Guest posting is important for blogging, search engine optimization, and legal marketing in general.  When you guest post you have the ability to reach a new audience, expand your reach, and spread your message.  You also get the chance to add a quality backlink to your arsenal, which is a major SEO boost.

That having been said, not all guest posts are created equal from a legal marketing standpoint.

Two weeks ago I undertook a familiar legal marketing tactic by doing a guest post on the subject of estate planning as it relates to bankruptcy.  Rather than ask, I did the guest post and sent it off to the firm for which I wanted to see it appear.  This particular firm has a nice blog and I assume it does well for their legal marketing efforts if for no other reason than the fact that it ranks well for a particular search term.

My post was about 450 words of solid content, and well written.  Within 12 hours I got a response from the lawyer that he thought it was very good post and he’d get it up immediately.

About 10 minutes later I got the following email, sent to me by a “Legal Communications” person who apparently didn’t understand the concept of “reply all.”  The email said:

This is how it works. Nice tie in. Now, we can identify some bloggers for <name of lawyer’s paralegal> to write the same kind of email to.

I’m not worried at this point.  It’s good that someone who gets paid for this sort of thing has been taught the “hidden secret” of guest blogging as legal marketing vehicle.

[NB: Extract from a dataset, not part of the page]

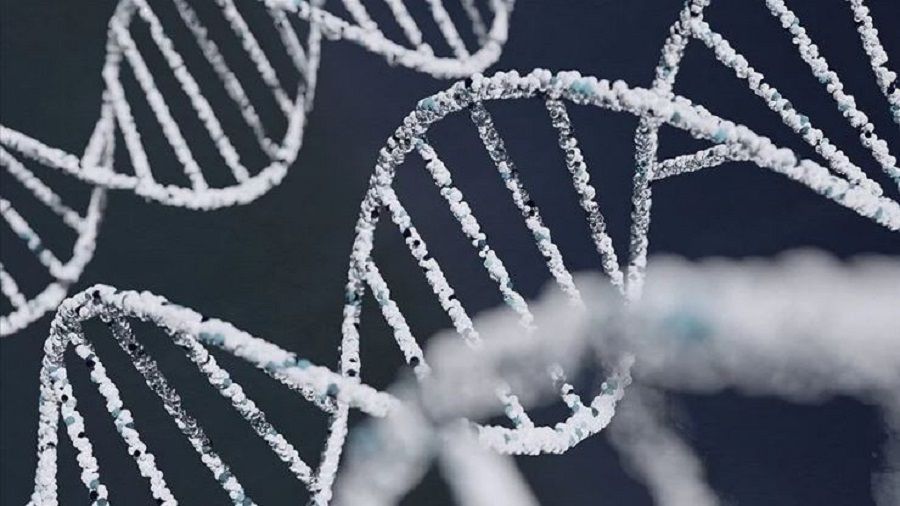 Çalışmalara göre ayak izi veya nefesten insan DNA'sı tespit edilebiliyor!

The following day I get an email from the lawyer saying:

It looks like it needs a partial rewrite now that I have reviewed it (since there are some other alternatives) so I will simply borrow most of it, give you attribution and link to your site.

A partial rewrite?  OK, no problem.  A little editorial control in the interests of clarity is a good thing.  After all, I’m not an estate planning lawyer.

Now remember why we guest blog, people – to increase our reach and audience, to provide value, and to get noticed in a field in which that may not otherwise be the case.  Legal marketing in the online world, this is.  Tried and true content marketing.

In hindsight my mistake was clear.

Fast forward to the other day.  I get an email from the “Communications Director” of this law firm (my oh my, they do have a lot of people working in the field of communications) telling me as follows:

Sending you a link to the blog with <lawyer> did based on your recent email.  Please note that you are quoted in the blog and we have provided a link to your website.  Thank you for the suggestion.

The content is noted as having been written by the attorney, and encompasses the content I provided.  Of course, it’s wrapped in pure promotion for this attorney’s firm and not offered as a substantive piece of content written to inform and educate.

I am quoted with a link to one of my sites, but it is not my post.  I did not give this attorney an interview, and I did not agree to ghostwrite a post for him.  I did not offer to feed him ideas, and I certainly did not knowingly give him a “suggestion.”

What this proves, however, is that this attorney does not necessarily control his own content.  His “communications” people are handling that, thank you very much.  And rather than either accept or reject a guest blog post they chose to co-opt the content for their own purposes.

No, I’m not telling you the name of the other lawyer.  It’s not relevant.

What is relevant is this – guest posting is a valid form of legal marketing.  I’ve done it before, and I’ll do it again.  But before you submit a proposed guest post you need to remember that it is your intellectual property.  You need to retain full editorial control or, at the very least, final say on the content being published.

Photo courtesy of chick pea pie.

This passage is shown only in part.